Single by Aerosmith

from the album Big Ones
- Released: 1995
- Recorded: 1994
- Genre: Hard rock
- Length: 4:55
- Label: Geffen
- Songwriters: Steven Tyler; Joe Perry; Jack Blades; Tommy Shaw;
- Producers: Bruce Fairbairn; Michael Beinhorn;

Aerosmith singles chronology
| "Blind Man" (1994) | "Walk On Water" (1995) | "Nine Lives" (1997) |

Music video
- "Walk on Water" on YouTube

= Walk on Water (Aerosmith song) =

Song by Aerosmith

"Walk On Water" is a song by American hard rock band Aerosmith.

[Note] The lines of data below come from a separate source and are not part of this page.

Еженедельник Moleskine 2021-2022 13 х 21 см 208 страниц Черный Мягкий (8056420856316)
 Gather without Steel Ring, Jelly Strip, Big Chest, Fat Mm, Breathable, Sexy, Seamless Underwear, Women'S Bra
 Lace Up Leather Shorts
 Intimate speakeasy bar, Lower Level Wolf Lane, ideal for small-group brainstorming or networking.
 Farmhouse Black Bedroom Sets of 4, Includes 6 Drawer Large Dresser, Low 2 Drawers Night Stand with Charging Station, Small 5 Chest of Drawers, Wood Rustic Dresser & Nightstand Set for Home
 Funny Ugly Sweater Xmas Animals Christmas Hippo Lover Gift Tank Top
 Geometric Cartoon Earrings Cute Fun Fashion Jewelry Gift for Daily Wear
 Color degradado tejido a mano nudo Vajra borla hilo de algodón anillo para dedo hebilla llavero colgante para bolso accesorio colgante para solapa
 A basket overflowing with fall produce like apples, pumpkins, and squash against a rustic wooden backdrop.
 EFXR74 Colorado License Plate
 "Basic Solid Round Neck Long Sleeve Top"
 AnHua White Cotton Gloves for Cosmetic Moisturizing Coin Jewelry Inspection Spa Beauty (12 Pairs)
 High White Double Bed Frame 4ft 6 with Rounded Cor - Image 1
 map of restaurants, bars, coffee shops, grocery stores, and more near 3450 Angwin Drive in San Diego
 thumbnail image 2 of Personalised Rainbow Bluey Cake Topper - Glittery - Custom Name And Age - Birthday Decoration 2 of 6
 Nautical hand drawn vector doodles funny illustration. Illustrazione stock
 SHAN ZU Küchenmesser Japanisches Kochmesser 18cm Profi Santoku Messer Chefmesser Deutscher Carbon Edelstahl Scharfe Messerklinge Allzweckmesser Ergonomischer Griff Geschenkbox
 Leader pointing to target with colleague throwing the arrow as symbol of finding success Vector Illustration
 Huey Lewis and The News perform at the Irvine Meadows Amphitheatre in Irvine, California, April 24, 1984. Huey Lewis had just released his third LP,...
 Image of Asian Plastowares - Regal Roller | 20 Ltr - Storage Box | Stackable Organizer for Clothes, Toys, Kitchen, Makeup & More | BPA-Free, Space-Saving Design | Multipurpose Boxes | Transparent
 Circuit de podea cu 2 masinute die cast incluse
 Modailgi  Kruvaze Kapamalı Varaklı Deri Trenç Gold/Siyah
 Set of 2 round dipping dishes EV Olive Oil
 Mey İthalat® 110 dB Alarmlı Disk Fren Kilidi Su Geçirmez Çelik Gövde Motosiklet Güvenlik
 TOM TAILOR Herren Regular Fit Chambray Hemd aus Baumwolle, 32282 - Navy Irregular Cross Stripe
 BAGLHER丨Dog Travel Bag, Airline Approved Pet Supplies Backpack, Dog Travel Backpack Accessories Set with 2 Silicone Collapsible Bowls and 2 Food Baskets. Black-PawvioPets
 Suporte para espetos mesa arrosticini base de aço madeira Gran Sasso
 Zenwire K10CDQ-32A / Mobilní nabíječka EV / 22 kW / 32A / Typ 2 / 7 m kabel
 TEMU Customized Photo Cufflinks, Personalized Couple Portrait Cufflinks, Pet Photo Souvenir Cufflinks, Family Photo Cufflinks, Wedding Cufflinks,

It was written by Steven Tyler, Joe Perry, Jack Blades, and Tommy Shaw. It was released in 1995 as the second single from 1994's Big Ones, a compilation album featuring 12 of Aerosmith's biggest hits from the Geffen-era, which included two new songs. It was the band's last single to be released by Geffen before they returned to Columbia Records.

The song's lyrical style, content and sound is in the vein of such songs as "Shut up and Dance", which was also written with the assistance of Blades/Shaw. It also features notable harmonica playing by Tyler, as well as dueling lead guitar parts, and a strong backbeat.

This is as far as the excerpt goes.